** What the task requires **
Repeat the full listing below verbatim and keep the images out.

** Recorded data **
┌──

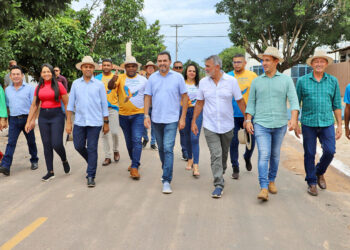 Governador Wanderlei Barbosa inaugura obras de infraestrutura no aniversário de 33 anos de Lagoa do Tocantins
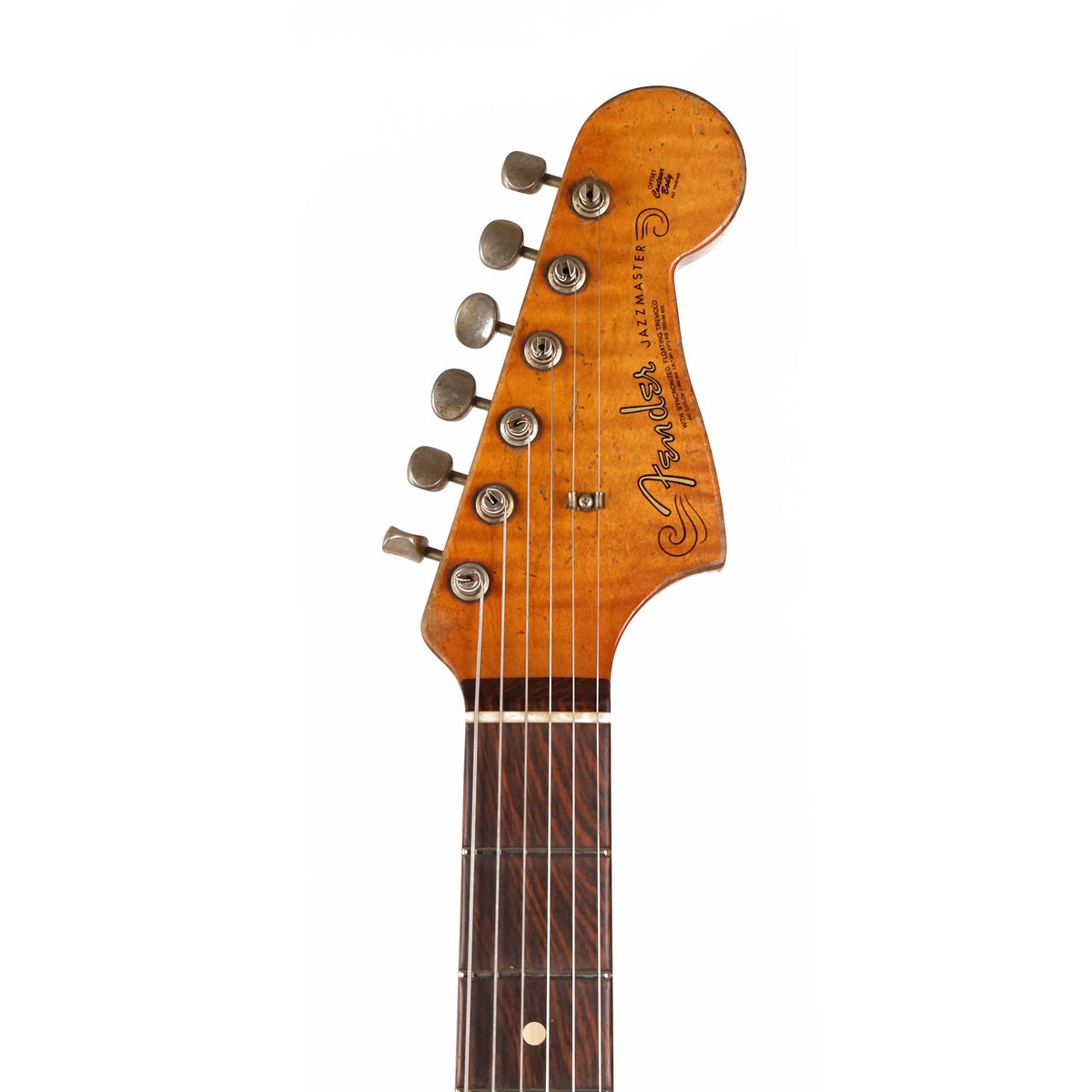 Fender Custom Shop 1959 Jazzmaster Ultimate Relic Masterbuilt Dale Wilson Aged Fiesta Red Brazilian Rosewood — 11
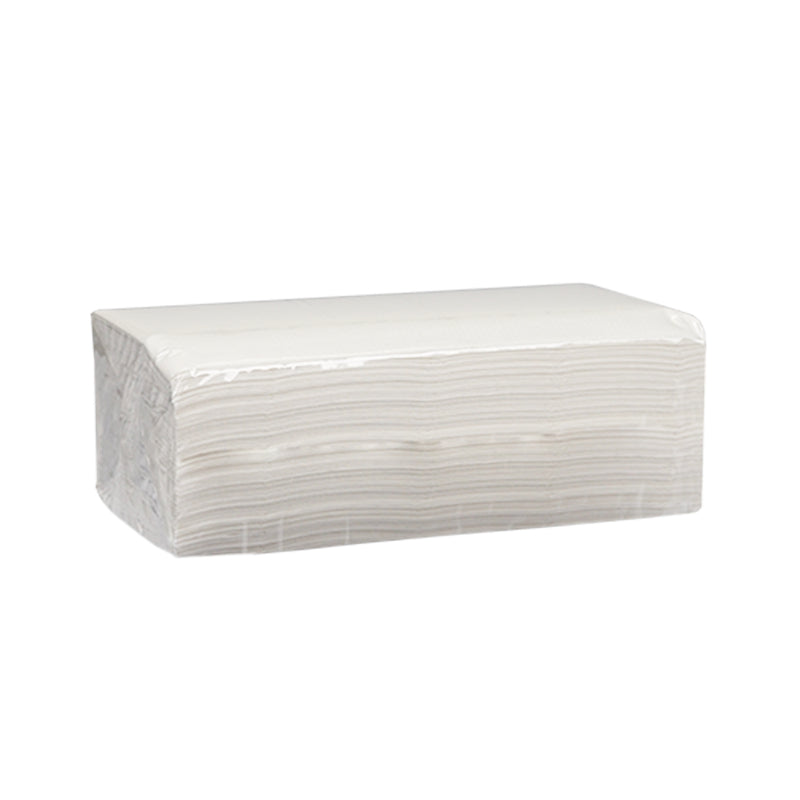 Falthandtücher Falthandtuch – V-Falz, 2-lagig, Zellstoff, Weiss, 210 × 215 mm – 66'150 Stück
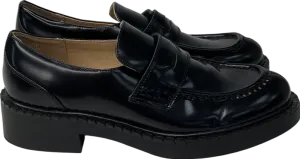 H&M Black Leather Loafers UK 6 EU 39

└──

** Response for this exercise **
 Governador Wanderlei Barbosa inaugura obras de infraestrutura no aniversário de 33 anos de Lagoa do Tocantins
 Fender Custom Shop 1959 Jazzmaster Ultimate Relic Masterbuilt Dale Wilson Aged Fiesta Red Brazilian Rosewood — 11
 Falthandtücher Falthandtuch – V-Falz, 2-lagig, Zellstoff, Weiss, 210 × 215 mm – 66'150 Stück
 H&M Black Leather Loafers UK 6 EU 39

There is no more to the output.